8. En deuxième lieu, il peut être mis fin au détachement des agents occupant les emplois fonctionnels mentionnés à l'article 53 précité pour des motifs tirés de l'intérêt du service. Eu égard à l'importance du rôle des titulaires de ces emplois et à la nature particulière des responsabilités qui leur incombent, le fait pour le directeur général des services d'une commune de s'être trouvé placé dans une situation ne lui permettant plus de disposer de la part de l'autorité territoriale de la confiance nécessaire au bon accomplissement de ses missions peut légalement justifier qu'il soit déchargé de ses fonctions. Il appartient en ce cas au juge de l'excès de pouvoir de contrôler notamment si l'appréciation portée par la collectivité territoriale sur le comportement de l'intéressée n'est pas entachée d'une erreur manifeste.

9. Il résulte des termes mêmes de l'arrêté contesté que, pour décider de mettre fin à compter du 1er octobre 2017, au détachement Mme G... sur l'emploi fonctionnel qu'elle occupait, le maire s'est fondé sur sa perte de confiance en l'intéressée, en raison de ses retards dans la réalisation des objectifs qui lui avaient été fixés s'agissant, en particulier de l'élaboration et de la mise en oeuvre de la politique managériale des services, de l'animation de l'équipe de direction, de la stratégie et des politiques de ressources humaines et de finances.

10. Il ressort des pièces du dossier, et notamment des échanges de courriels et des attestations d'agents et d'élus que la commune d'Apt a versés au dossier, que dès les premières semaines de sa prise de poste, Mme G... a rencontré des difficultés à s'adapter à l'organisation en place, à entretenir des relations de travail saines avec ses collaborateurs, et à accepter sa place de directrice générale des services, en particulier par rapport aux élus. Ces difficultés ont été à l'origine de nombreux dysfonctionnement et retards dans le fonctionnement des services communaux, en ce qui concerne notamment la mise en place d'un plan de formation des agents de la commune, la constitution de dossiers de subvention, le renouvellement de contrats d'équipements sportifs, la transmission à la chambre régionale des comptes d'un rapport de progression et le recrutement de personnel. Dans ces conditions, et quelle que soit la qualité du travail qu'elle aurait effectué par ailleurs, c'est à bon droit que le tribunal a considéré que Mme G... se trouvait dans une situation ne lui permettant plus de disposer de la part de l'autorité territoriale de la confiance nécessaire au bon accomplissement de ses missions et, par suite, que le maire d'Apt a pu, sans commettre d'erreur de fait ou d'erreur manifeste d'appréciation, prendre la décision contestée en se fondant sur un tel motif.

11. En dernier lieu, le détournement de pouvoir allégué n'est pas établi.
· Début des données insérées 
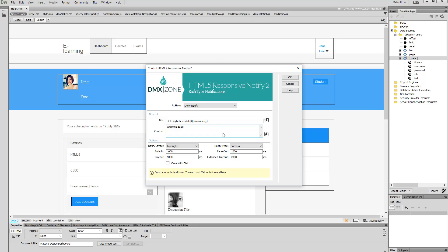Then customize the appearance and animation settings of HTML5 responsive notify and click the OK button when you are done.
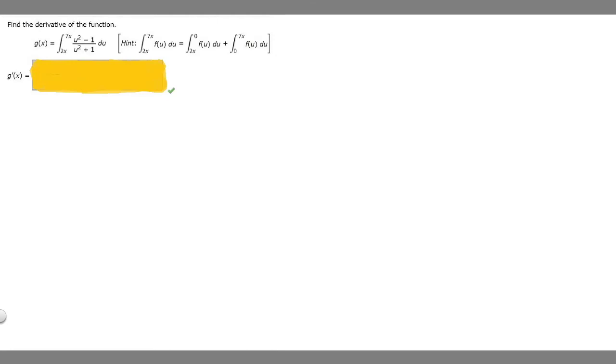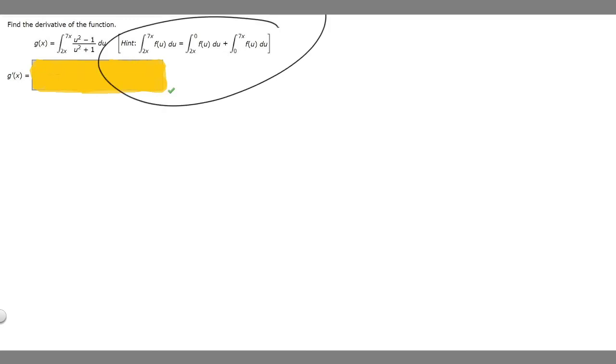In this problem we're told to find the derivative of the function. We're told that g of x is equal to the integral from 2x to 7x of (u squared minus 1) over (u squared plus 1) du. We're given a hint here that's going to be helpful for solving this problem.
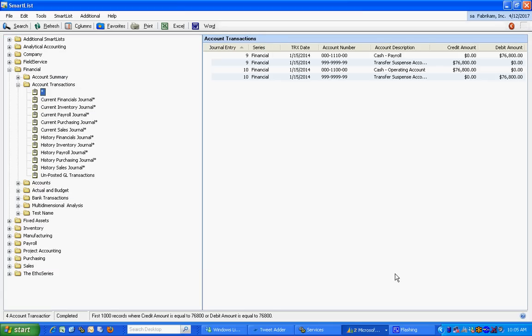It's going to bring up all the transactions that have $76,800 in either the credit or the debit amount. And here you can see it brings up these transactions. I'm looking at two journal entries. So this is a good way to sort the data in SmartList to get just the data that you want.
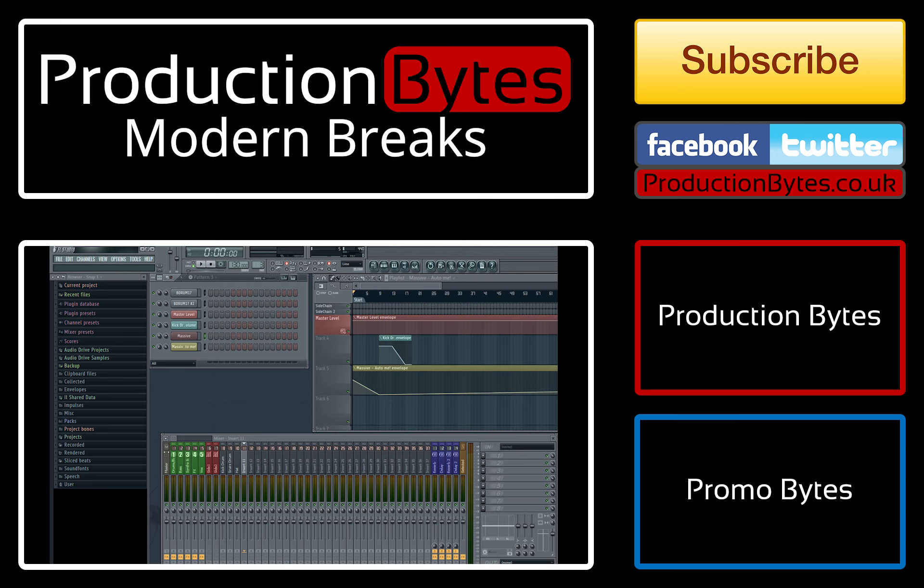But that is it for this episode of Production Bytes. Thanks a lot for watching, don't forget to subscribe, and if you're in the market for new samples or just want to support the show, then we've just released our second sample pack, Modern Brakes, which contains 2GB of newly recorded drum brakes, and there's a link on screen now and down in the description to check it out. Otherwise though, thanks a lot for watching, and I'll see you next time on Production Bytes.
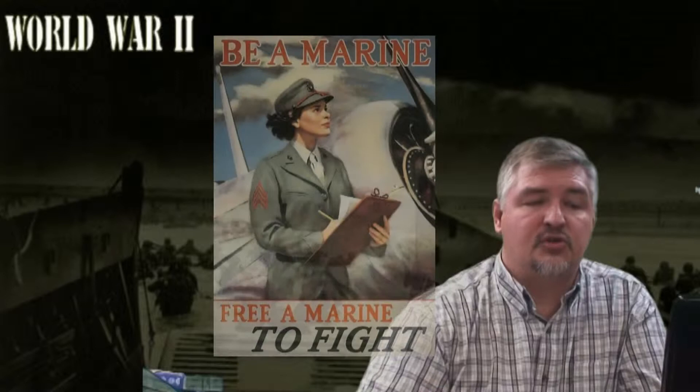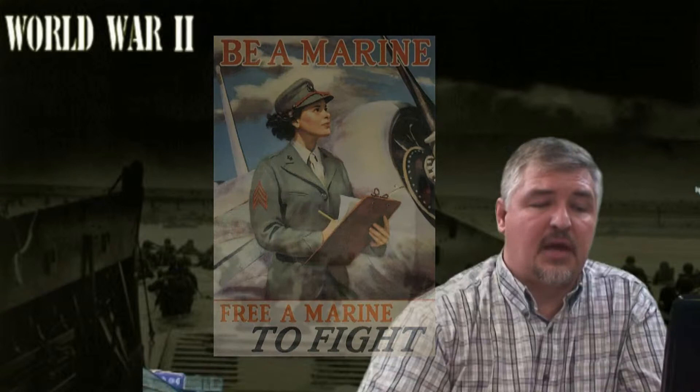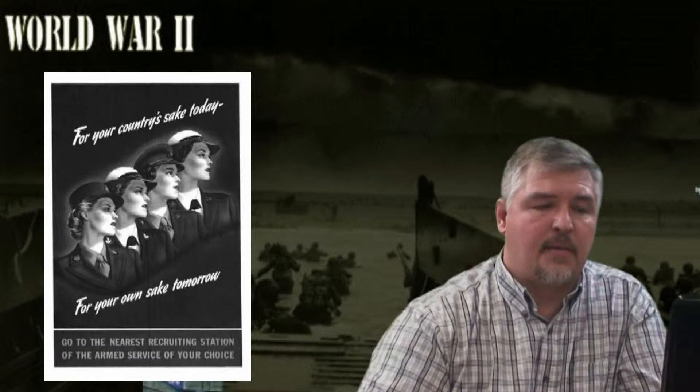10,000 women joined the WAVES, a Navy program. 1,000 joined the WASP, an Air Force program. And 150,000 served in the WAC, an Army program. Oveta Culp Hobby led the WACs, and she was a colonel.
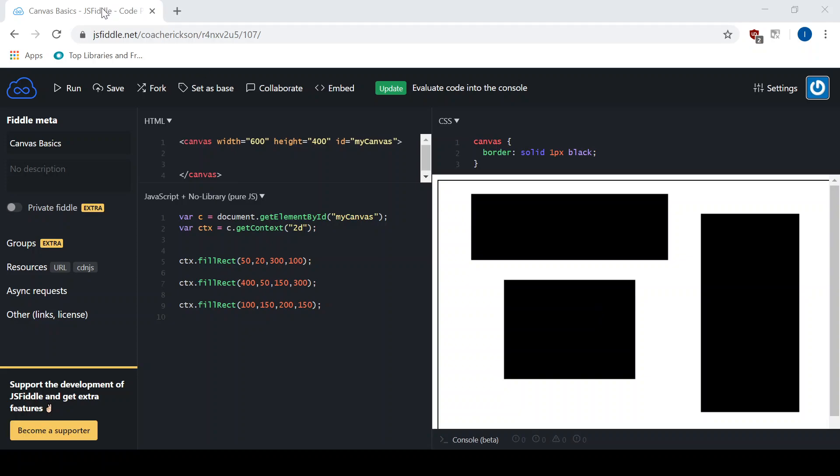Hey guys, welcome to another one of our tutorials using JavaScript and Canvas. In this tutorial we're going to talk about linear gradients. So let's get started. Now you can see we've got three different rectangles up here. If you don't know how to do colors or how to do rectangles, definitely go back and look at some of our previous tutorials and make sure you have that ready to go. And then you can jump in here when you're ready. Let's get going.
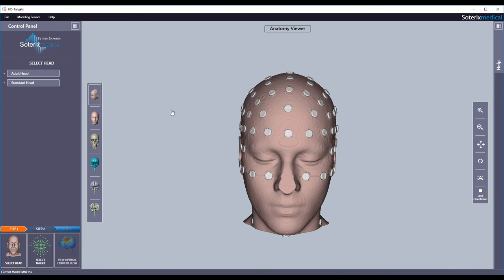If you want to explore optimization for different targets, just repeat these steps. For other region-based or EEG-guided targeting options, watch our other videos. HD Targets, another innovation only from Soterics Medical.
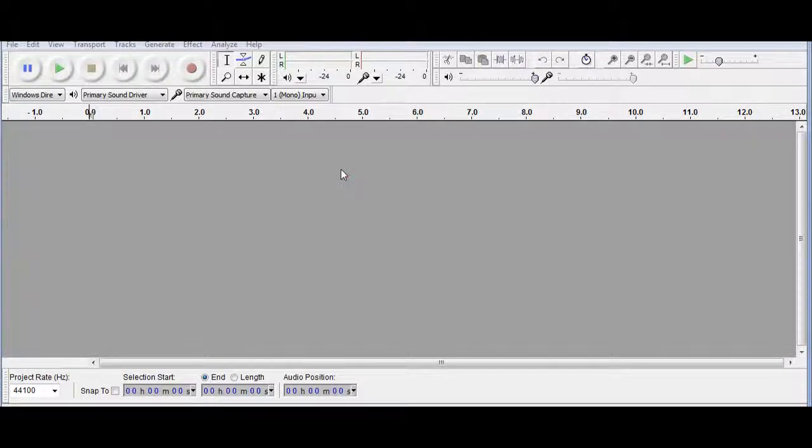What's going on YouTube? War Eagle here bringing you another commentary and this time it's a tutorial on how to record audio and video.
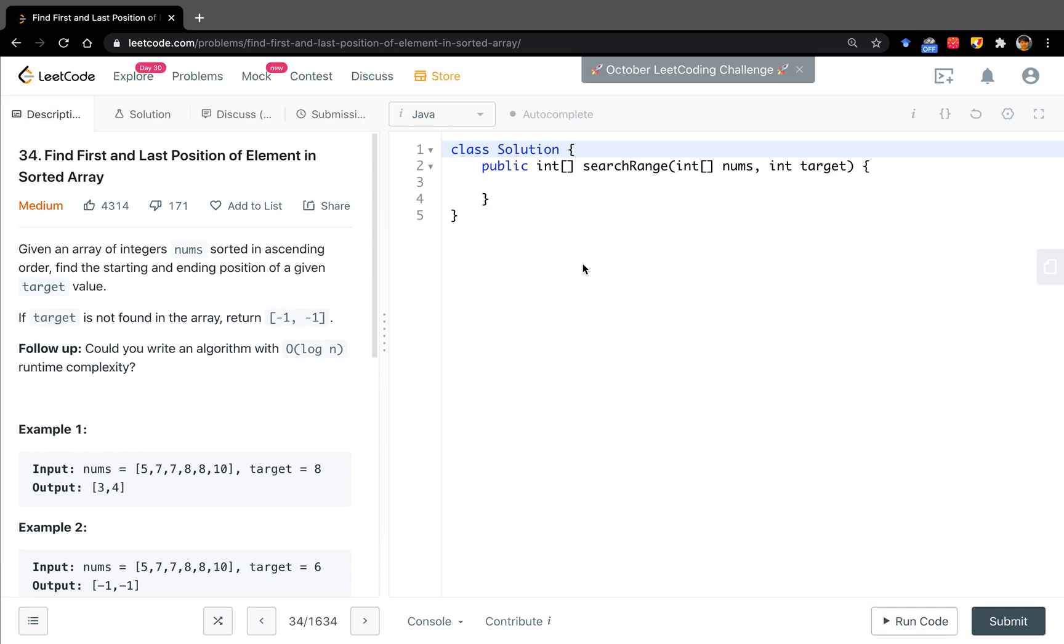Hello friends, today let's solve find first and last position of element in sorted array. In this question, given an array of integers numbers sorted in ascending order, we need to find the starting and ending position of a given target value.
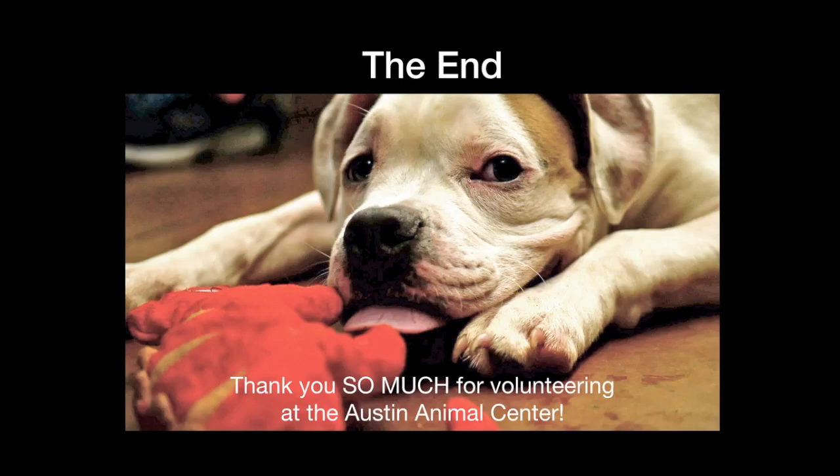And that's it. You are now a chameleon power user. And thank you so much for volunteering at the Austin Animal Center.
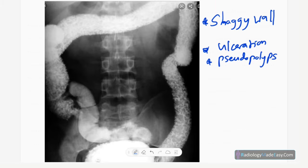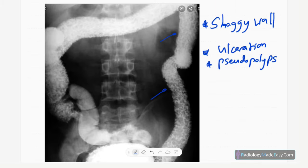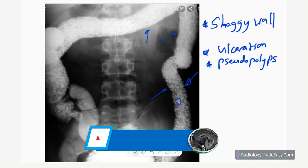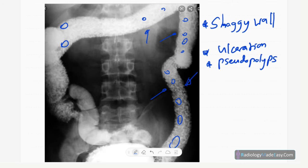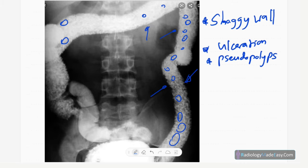In another barium study, you can see an irregular outline of the bowel loop due to ulceration, along with multiple filling defects due to pseudopolyp formation in the normal mucosa. Multiple polyps and ulcerations are seen — this is an example of ulcerative colitis with filling defects and a shaggy outline.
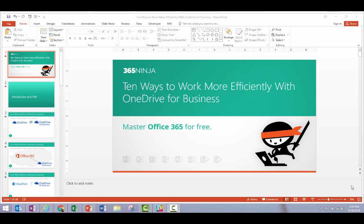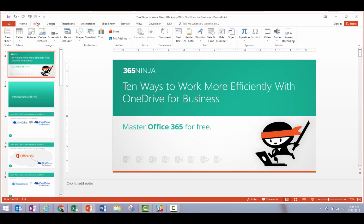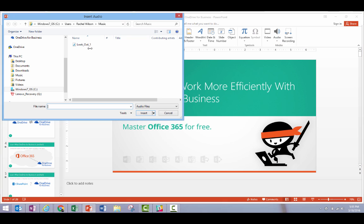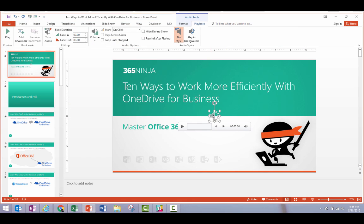For my demonstration, I've got a WAV file. What I'll do is go to the Insert tab and click Audio, then click 'Audio on my PC.' I've got my file right here, so I'll double-click it and I see this graphic come up.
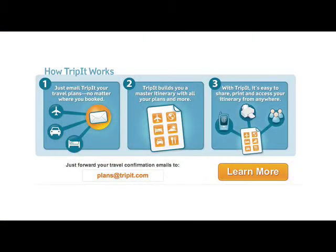I keep mentioning TripIt because they just do so many things right. I'm not being endorsed by them — I haven't worked for them, nothing like that. They just do a lot of things right. TripIt has the investment breakdown in place, they have a nice clear value proposition in place, and with this clear call to action statement in place, they're pretty much doing everything right. And that is exactly what we want to achieve.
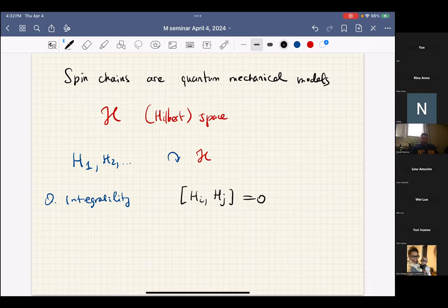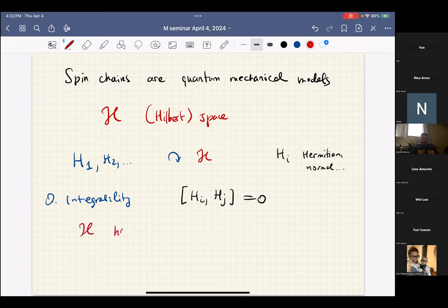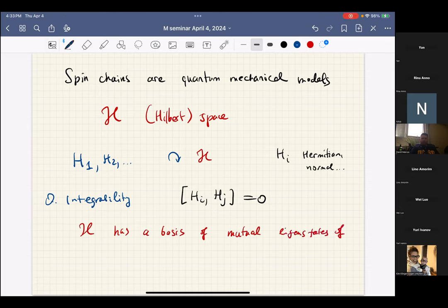If H is a Hilbert space, you want these operators to be Hermitian; otherwise you just want them to be reasonable, maybe commuting with their adjoints or something like that, but we will not always require that. The system is called integrable if the number of those operators is large enough that you can find a basis of mutual eigenstates of these operators.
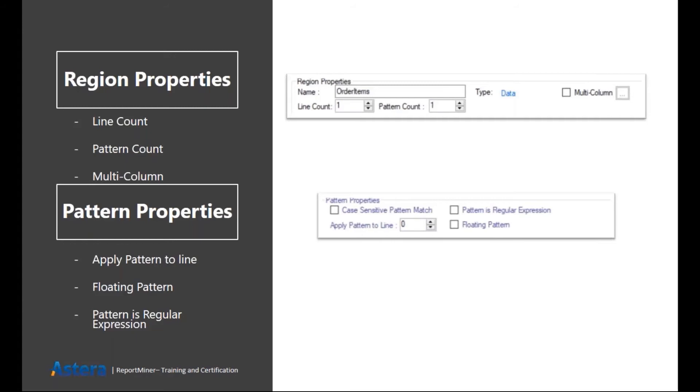So in one region, it is on the left side and in the next region, it is slightly on the right side. Then I can check on this button, which is the floating pattern checkbox. And it doesn't matter what is the position of my keyword.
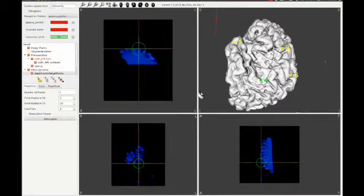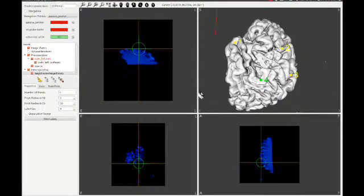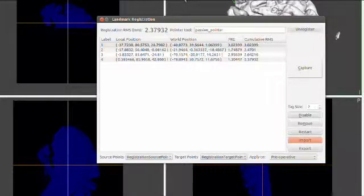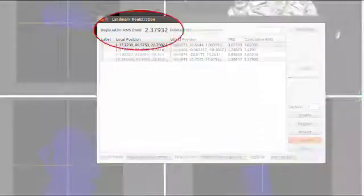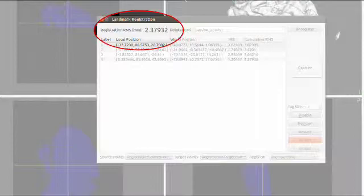In this demo, we have only chosen four points on our phantom and on the preoperative images. Once the patient image registration is complete, IBIS will report the fiducial registration error as the root-mean-square distance of the chosen fiducial point pairs.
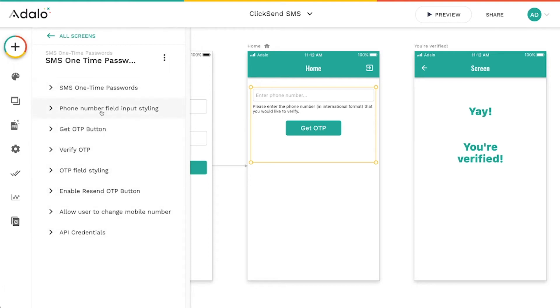But essentially what's going to happen is we're going to send a phone number. Either the user is going to type it in or we're going to send it to ClickSend automatically.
12. Il résulte de tout ce qui précède que Mme G... n'est pas fondée à soutenir que c'est à tort que, par le jugement attaqué, le tribunal administratif de Nîmes a rejeté sa demande. Il s'ensuit que sa requête doit être rejetée, y compris ses conclusions aux fins d'injonction et d'astreinte ainsi que celles présentées sur le fondement de l'article L. 761-1 du code de justice administrative. Il y a lieu, en revanche, de mettre à la charge de Mme G... une somme de 1 500 euros au titre des frais exposés par la commune d'Apt et non compris dans les dépens.

D É C I D E :

Article 1er : La requête de Mme G... est rejetée.

Article 2 : Mme G... versera à la commune d'Apt une somme de 1 500 euros au titre de l'article L. 761-1 du code de justice administrative.

Article 3 : Le présent arrêt sera notifié à Mme E... G... et à la commune d'Apt.

Délibéré après l'audience du 28 janvier 2021, où siégeaient :

- M. Alfonsi, président,

- Mme F..., présidente-assesseure,

- M. C..., conseiller.

Rendu public par mise à disposition au greffe le 11 février 2021.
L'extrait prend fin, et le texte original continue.